IBM also has an identity as a high-dividend, defensive tech stock. Many invest in it not to take on the risk of high-growth stocks but for stable cash flow. If management revises down full-year free cash flow or profit margin expectations, the market will continue to reassess its defensive attributes.


All these questions point to one judgment: Has IBM missed the boat this time, or has its position fundamentally changed?


If it's the former, the 25% plunge may have been an overreaction. IBM still has mainframe cash flow, Red Hat growth, Power and Storage demand, data governance, and consulting delivery to support its shift from a mainframe revival story to an enterprise AI control narrative.


If it's the latter, the trouble is far greater. It signifies that in the AI era, enterprise IT budgets are not simply expanding but reordering. Old systems will still run, old vendors will still be needed, but new budget allocations will flow toward more forward positions: GPUs, memory, servers, storage, cloud, models, security, and business software entry points. If IBM cannot position itself at the forefront of these new budget allocations, it will continue to be valued by the market along its weakest thread.


IBM will not vanish overnight.


This company is still ingrained in the core of global finance, government, aviation, insurance, and large enterprises. Many systems are not easily or readily portable. Mainframes, transaction processing software, Red Hat, OpenShift, Power, Storage, Watson, HashiCorp, Confluent, and the consulting teams are all tangible assets, not just a hollow narrative.


Looking back at IBM's 115 years, it has always been pondering the same question: Can you pivot ahead of the money when your customer's money flow changes?


During the Great Depression, it bet on capacity and awaited the big order of the Social Security Act. With System/360, it staked the entire company on unifying computing standards. During the PC era, it pivoted too slowly, ceding the operating system to Microsoft and missing out on a whole era. In 1993, Gerstner led its transformation from products to services, narrowly escaping failure.
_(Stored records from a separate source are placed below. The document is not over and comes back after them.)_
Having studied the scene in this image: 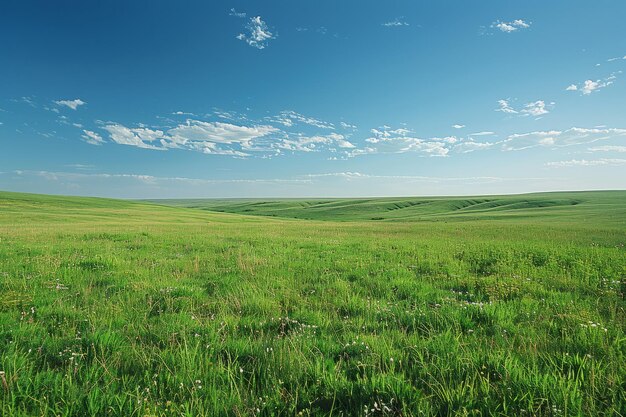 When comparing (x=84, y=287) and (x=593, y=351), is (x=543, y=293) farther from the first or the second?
(x=84, y=287)

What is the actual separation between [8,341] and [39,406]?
1890 mm

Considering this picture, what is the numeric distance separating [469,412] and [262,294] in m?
4.66

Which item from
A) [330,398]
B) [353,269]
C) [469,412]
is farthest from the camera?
[353,269]

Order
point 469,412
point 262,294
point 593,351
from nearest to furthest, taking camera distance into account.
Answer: point 469,412 → point 593,351 → point 262,294

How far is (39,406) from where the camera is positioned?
9.41 ft

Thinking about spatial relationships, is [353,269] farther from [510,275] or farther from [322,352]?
Answer: [322,352]

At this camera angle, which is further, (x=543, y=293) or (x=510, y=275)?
(x=510, y=275)

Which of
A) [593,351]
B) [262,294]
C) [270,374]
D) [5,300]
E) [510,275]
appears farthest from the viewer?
[510,275]

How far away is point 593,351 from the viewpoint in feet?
12.9

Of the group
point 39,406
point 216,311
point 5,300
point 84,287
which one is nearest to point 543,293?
point 216,311

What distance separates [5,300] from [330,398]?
681 centimetres

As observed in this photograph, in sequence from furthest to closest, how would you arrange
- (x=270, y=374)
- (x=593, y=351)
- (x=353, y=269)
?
(x=353, y=269), (x=593, y=351), (x=270, y=374)

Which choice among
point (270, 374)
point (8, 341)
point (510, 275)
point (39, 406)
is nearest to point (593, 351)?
point (270, 374)

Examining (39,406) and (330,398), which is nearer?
(39,406) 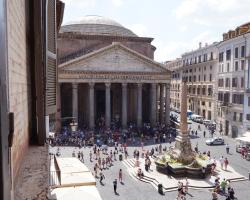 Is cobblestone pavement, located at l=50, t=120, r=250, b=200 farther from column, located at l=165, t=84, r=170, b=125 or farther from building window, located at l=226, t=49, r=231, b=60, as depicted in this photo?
column, located at l=165, t=84, r=170, b=125

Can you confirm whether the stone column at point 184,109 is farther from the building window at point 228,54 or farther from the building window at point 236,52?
the building window at point 228,54

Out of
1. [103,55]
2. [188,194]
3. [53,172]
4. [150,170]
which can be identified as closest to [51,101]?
[53,172]

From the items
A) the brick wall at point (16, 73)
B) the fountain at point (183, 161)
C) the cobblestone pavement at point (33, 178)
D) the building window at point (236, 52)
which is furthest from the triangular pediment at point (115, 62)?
the cobblestone pavement at point (33, 178)

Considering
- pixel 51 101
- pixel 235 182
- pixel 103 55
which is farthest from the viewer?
pixel 103 55

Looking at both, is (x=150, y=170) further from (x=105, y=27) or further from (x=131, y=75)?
(x=105, y=27)

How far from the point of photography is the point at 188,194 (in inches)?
627

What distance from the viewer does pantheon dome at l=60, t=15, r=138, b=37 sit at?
44.9m

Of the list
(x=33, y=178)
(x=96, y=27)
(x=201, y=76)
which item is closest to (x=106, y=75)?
(x=96, y=27)

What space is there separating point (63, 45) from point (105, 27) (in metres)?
8.55

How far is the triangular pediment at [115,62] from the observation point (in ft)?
112

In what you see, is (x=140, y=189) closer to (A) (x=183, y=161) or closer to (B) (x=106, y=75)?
(A) (x=183, y=161)

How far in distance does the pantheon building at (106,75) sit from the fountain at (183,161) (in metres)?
15.6

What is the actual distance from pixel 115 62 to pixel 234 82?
13.2m

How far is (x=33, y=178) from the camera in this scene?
9.99ft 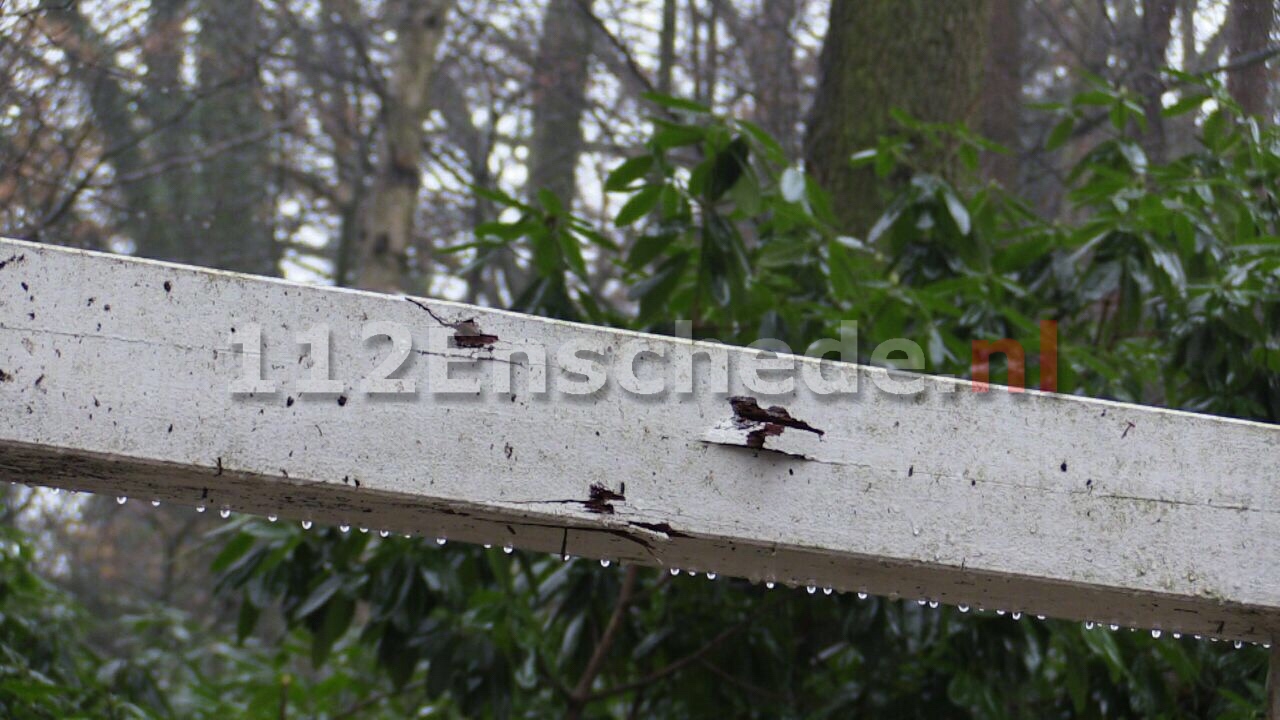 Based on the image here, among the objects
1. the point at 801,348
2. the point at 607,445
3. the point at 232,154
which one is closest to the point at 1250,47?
the point at 801,348

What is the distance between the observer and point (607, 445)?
1200 millimetres

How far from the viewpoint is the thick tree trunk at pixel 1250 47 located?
219cm

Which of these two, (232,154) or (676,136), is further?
(232,154)

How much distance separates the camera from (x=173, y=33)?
4039 millimetres

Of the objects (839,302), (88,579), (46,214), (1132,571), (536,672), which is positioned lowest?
(88,579)

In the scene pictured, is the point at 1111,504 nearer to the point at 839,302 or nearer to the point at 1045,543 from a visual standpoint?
the point at 1045,543

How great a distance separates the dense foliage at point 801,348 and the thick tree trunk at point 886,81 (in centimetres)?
44

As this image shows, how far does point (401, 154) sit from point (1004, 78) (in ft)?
7.81

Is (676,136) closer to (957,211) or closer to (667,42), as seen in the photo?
(957,211)

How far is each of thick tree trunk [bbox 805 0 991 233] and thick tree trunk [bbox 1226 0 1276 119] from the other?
900 mm

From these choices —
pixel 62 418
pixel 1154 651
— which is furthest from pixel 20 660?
pixel 1154 651

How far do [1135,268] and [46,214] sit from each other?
2585mm

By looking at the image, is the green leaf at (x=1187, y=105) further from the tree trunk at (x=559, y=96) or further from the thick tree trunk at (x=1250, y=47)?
the tree trunk at (x=559, y=96)

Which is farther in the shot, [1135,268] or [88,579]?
[88,579] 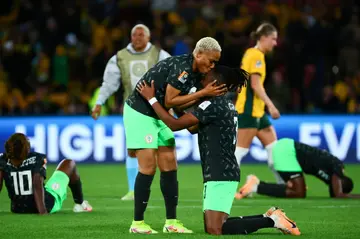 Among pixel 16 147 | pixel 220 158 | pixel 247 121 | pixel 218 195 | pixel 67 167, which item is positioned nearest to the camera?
pixel 218 195

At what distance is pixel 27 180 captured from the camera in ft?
36.3

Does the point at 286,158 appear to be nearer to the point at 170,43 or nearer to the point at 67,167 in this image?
the point at 67,167

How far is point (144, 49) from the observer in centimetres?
1383

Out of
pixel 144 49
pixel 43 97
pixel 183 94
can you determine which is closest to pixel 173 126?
pixel 183 94

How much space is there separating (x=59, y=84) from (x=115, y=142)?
3965 millimetres

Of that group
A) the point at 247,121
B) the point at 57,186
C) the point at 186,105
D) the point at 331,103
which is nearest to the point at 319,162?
the point at 247,121

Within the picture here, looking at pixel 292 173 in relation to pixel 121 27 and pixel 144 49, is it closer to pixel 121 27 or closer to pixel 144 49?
pixel 144 49

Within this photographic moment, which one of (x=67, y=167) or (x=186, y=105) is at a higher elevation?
(x=186, y=105)

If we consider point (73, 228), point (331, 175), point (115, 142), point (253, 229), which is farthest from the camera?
point (115, 142)

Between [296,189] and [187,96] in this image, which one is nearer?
[187,96]

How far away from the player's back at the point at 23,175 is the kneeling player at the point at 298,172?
11.2 feet

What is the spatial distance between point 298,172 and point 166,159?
4.10m

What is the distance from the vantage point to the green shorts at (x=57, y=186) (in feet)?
37.4

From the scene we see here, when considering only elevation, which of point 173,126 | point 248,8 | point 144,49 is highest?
point 248,8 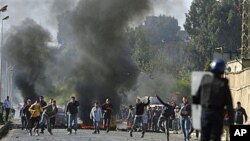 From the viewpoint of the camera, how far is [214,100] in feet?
37.4

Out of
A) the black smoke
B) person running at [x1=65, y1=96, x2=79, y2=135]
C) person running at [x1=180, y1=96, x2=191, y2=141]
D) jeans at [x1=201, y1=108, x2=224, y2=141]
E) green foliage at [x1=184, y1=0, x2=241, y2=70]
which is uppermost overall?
green foliage at [x1=184, y1=0, x2=241, y2=70]

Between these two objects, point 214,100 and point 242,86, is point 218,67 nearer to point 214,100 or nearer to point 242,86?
point 214,100

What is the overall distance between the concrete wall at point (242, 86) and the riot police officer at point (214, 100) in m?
Answer: 27.5

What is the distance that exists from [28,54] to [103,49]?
16.5 meters

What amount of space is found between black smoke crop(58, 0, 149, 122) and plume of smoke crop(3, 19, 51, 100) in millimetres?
12138

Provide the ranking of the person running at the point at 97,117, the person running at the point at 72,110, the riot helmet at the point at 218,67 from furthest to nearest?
the person running at the point at 97,117, the person running at the point at 72,110, the riot helmet at the point at 218,67

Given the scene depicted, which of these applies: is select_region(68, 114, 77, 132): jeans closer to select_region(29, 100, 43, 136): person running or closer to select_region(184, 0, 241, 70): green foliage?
select_region(29, 100, 43, 136): person running

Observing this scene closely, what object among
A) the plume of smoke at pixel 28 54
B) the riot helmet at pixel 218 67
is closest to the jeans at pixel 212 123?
the riot helmet at pixel 218 67

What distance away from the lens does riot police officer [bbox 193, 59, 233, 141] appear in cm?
1134

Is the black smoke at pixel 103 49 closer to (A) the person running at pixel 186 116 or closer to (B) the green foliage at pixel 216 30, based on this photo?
(A) the person running at pixel 186 116

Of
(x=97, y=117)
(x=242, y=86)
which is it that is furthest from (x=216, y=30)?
(x=97, y=117)

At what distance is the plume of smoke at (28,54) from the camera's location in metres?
69.4

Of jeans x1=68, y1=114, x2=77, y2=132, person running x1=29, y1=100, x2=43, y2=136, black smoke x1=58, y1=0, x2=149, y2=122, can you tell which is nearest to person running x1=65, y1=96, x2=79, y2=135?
jeans x1=68, y1=114, x2=77, y2=132

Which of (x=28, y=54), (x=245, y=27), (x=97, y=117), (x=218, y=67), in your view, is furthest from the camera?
(x=28, y=54)
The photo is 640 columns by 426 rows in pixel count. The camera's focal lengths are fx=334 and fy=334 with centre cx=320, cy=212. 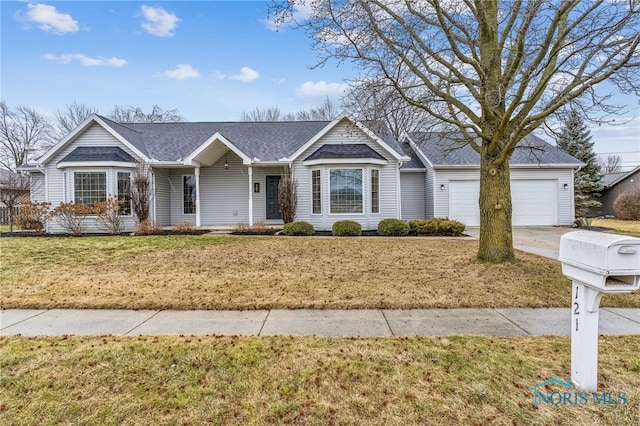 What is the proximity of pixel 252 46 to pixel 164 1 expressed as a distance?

In the first half of the cloud and AI era, it lagged again, losing a decade and spending $34 billion to acquire Red Hat to catch up.


The cruelest part of the AI era is that it didn't expand all IT budgets together but made the same money line up in a new queue. Whoever can directly address computing power, data, security, governance, efficiency, and business returns is at the front of the line; those considered "needed later" are postponed.


IBM's survival strategy over the past 115 years has been that whenever the previous fortress became a burden, it would dismantle itself once again. Now it finds itself at the same crossroads.


Whether the fifth elephantine pivot will succeed does not depend on whether IBM can still talk about AI or how much glorious history it has. It solely depends on a more practical question: When the CFO and CIO sit in front of the same budget sheet, can IBM still be the name that cannot be pushed back?


Your first encounter with IBM may have been through the ThinkPad, mainframes, Watson, or simply the blue logo. It once symbolized the future.


Now it has to prove that when the future turns back to squeeze itself, a century-old technology company still has the capability to reinvent itself.